Which lines below fall between the one containing "Tether reverte congelamento" and the one containing "A BATHING APE"? Repeat them exactly, counting both of those lines, and add nothing else.

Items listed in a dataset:
>>

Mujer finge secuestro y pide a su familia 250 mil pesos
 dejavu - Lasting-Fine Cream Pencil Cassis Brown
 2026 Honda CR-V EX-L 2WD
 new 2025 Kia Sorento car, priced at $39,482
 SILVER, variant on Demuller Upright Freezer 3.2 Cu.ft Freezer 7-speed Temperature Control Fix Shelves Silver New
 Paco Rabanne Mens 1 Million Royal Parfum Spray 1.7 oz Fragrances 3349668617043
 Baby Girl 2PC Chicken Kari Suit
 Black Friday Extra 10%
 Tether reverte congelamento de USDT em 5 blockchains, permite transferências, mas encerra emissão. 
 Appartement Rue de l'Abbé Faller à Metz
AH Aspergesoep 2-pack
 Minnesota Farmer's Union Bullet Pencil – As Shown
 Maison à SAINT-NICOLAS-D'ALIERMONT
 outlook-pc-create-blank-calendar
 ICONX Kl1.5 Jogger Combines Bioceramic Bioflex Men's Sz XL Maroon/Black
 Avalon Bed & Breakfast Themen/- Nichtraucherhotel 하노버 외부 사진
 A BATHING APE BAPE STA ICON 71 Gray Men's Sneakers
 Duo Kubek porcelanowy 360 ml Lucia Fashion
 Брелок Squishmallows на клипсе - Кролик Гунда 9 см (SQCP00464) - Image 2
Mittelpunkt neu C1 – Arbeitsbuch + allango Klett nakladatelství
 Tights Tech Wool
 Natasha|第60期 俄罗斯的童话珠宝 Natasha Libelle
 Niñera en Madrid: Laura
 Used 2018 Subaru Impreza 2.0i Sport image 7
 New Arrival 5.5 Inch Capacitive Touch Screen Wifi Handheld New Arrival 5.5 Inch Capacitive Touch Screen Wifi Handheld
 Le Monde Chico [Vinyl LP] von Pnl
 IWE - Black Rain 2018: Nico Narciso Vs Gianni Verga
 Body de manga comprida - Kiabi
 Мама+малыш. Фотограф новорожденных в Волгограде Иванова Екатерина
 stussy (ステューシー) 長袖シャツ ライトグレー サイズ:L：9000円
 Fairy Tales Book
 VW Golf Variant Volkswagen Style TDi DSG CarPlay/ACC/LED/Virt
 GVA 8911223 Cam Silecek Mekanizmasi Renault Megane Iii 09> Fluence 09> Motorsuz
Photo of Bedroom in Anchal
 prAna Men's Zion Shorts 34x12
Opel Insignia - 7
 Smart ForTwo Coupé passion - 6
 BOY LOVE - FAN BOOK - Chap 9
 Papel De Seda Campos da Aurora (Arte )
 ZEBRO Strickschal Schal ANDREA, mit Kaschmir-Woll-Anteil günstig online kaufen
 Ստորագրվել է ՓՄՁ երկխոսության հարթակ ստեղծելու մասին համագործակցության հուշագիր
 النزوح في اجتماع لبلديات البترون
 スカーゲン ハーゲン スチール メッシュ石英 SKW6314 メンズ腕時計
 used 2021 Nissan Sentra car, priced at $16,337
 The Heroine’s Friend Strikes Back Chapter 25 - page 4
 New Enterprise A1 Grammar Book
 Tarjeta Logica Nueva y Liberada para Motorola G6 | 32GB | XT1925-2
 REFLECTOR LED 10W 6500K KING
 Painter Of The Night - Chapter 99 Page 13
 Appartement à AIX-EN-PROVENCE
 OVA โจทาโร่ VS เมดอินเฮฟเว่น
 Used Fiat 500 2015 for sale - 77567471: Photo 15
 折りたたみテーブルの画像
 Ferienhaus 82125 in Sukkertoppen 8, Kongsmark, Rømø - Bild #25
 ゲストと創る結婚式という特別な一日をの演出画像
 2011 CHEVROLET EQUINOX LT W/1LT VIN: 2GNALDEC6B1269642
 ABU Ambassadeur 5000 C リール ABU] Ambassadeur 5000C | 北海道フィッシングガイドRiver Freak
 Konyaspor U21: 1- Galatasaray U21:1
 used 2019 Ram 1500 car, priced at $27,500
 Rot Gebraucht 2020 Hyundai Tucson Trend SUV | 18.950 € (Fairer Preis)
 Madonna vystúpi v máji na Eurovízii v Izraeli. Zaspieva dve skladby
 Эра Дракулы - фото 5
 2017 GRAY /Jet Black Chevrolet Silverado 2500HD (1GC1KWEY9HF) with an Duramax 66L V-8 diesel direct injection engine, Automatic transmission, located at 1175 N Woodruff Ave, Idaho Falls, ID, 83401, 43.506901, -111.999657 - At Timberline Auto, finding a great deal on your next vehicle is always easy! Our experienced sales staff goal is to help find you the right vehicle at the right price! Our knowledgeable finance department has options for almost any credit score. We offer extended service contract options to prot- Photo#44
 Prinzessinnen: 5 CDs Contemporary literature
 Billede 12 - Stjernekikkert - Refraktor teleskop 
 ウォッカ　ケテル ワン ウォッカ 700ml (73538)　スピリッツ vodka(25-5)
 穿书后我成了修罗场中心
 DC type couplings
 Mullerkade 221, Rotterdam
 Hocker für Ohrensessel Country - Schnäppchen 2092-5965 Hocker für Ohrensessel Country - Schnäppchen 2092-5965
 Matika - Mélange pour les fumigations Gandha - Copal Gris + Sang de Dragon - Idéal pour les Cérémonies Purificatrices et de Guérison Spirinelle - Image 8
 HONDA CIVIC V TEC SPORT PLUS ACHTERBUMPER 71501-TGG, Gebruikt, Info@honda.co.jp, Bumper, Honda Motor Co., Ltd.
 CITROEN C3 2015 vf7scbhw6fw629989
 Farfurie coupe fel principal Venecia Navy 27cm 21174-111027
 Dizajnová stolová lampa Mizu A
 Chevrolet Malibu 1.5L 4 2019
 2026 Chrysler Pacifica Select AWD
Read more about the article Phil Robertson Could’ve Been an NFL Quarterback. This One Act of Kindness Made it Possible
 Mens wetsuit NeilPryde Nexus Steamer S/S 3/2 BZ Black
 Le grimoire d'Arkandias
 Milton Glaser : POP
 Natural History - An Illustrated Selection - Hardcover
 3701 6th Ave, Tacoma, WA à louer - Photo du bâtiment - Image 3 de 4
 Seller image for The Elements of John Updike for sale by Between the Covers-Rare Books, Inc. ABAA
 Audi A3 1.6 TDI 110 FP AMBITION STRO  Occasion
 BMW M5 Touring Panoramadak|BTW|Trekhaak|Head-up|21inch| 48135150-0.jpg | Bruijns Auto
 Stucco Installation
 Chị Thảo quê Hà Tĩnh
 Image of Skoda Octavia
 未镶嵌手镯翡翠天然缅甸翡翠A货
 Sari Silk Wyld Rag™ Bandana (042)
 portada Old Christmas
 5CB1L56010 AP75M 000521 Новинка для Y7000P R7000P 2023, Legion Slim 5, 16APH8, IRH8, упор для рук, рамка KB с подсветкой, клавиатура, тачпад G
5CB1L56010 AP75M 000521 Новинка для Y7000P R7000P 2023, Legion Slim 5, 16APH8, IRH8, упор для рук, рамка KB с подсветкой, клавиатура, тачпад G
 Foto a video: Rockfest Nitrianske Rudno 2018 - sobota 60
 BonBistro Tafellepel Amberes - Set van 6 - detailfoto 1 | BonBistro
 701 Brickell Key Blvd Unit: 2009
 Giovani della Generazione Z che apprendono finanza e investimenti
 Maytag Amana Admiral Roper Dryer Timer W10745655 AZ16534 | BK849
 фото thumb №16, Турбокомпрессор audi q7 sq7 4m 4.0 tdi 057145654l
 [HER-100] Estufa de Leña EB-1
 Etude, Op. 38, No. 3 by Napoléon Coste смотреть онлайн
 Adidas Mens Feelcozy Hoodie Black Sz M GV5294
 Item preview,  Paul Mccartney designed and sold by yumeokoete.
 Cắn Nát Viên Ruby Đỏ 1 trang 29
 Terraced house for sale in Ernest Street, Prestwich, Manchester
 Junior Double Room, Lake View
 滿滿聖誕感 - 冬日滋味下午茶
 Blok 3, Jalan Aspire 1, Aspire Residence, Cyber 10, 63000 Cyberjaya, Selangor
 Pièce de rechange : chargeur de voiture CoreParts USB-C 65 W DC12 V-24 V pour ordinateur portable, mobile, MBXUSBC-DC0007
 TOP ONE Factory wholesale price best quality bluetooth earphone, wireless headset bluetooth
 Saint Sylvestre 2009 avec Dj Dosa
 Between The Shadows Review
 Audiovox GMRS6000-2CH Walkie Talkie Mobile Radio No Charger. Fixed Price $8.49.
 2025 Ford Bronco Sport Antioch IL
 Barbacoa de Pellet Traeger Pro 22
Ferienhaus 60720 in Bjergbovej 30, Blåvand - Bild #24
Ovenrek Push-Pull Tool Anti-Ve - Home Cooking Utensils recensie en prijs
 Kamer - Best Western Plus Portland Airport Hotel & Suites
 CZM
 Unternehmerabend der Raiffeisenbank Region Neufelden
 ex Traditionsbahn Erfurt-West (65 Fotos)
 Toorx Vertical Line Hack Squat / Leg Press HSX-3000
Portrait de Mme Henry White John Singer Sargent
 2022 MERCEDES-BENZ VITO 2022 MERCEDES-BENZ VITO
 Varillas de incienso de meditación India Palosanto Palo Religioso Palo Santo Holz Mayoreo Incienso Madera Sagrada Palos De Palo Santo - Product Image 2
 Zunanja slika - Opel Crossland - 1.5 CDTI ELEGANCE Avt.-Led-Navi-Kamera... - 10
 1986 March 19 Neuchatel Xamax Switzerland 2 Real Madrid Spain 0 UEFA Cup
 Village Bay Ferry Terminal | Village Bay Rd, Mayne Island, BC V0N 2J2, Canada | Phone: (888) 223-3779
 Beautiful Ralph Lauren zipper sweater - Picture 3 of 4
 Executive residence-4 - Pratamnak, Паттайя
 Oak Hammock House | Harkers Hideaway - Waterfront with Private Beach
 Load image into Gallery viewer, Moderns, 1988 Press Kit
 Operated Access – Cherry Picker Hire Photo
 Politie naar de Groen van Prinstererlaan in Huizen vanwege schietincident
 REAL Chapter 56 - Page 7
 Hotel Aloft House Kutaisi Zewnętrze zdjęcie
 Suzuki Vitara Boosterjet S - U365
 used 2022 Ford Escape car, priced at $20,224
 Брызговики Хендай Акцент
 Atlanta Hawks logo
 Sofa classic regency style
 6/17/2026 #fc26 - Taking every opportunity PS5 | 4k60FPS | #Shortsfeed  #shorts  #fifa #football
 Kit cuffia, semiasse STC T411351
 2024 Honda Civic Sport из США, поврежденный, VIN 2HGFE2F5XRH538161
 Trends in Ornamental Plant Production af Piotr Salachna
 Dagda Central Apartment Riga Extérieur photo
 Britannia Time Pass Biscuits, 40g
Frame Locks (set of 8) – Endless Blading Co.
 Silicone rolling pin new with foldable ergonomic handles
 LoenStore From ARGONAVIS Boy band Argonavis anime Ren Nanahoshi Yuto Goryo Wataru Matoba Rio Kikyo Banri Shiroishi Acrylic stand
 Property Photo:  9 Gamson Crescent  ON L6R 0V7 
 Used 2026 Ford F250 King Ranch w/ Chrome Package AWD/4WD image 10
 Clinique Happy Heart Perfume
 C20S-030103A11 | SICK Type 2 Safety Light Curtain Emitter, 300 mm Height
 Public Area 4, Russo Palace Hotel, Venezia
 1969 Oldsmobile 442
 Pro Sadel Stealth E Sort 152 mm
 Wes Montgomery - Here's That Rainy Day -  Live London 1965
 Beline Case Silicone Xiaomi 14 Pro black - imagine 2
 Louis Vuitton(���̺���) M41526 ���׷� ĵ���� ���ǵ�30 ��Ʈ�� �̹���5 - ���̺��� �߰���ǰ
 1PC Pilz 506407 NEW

<<

# EXERCISE ANSWER
 Tether reverte congelamento de USDT em 5 blockchains, permite transferências, mas encerra emissão. 
 Appartement Rue de l'Abbé Faller à Metz
AH Aspergesoep 2-pack
 Minnesota Farmer's Union Bullet Pencil – As Shown
 Maison à SAINT-NICOLAS-D'ALIERMONT
 outlook-pc-create-blank-calendar
 ICONX Kl1.5 Jogger Combines Bioceramic Bioflex Men's Sz XL Maroon/Black
 Avalon Bed & Breakfast Themen/- Nichtraucherhotel 하노버 외부 사진
 A BATHING APE BAPE STA ICON 71 Gray Men's Sneakers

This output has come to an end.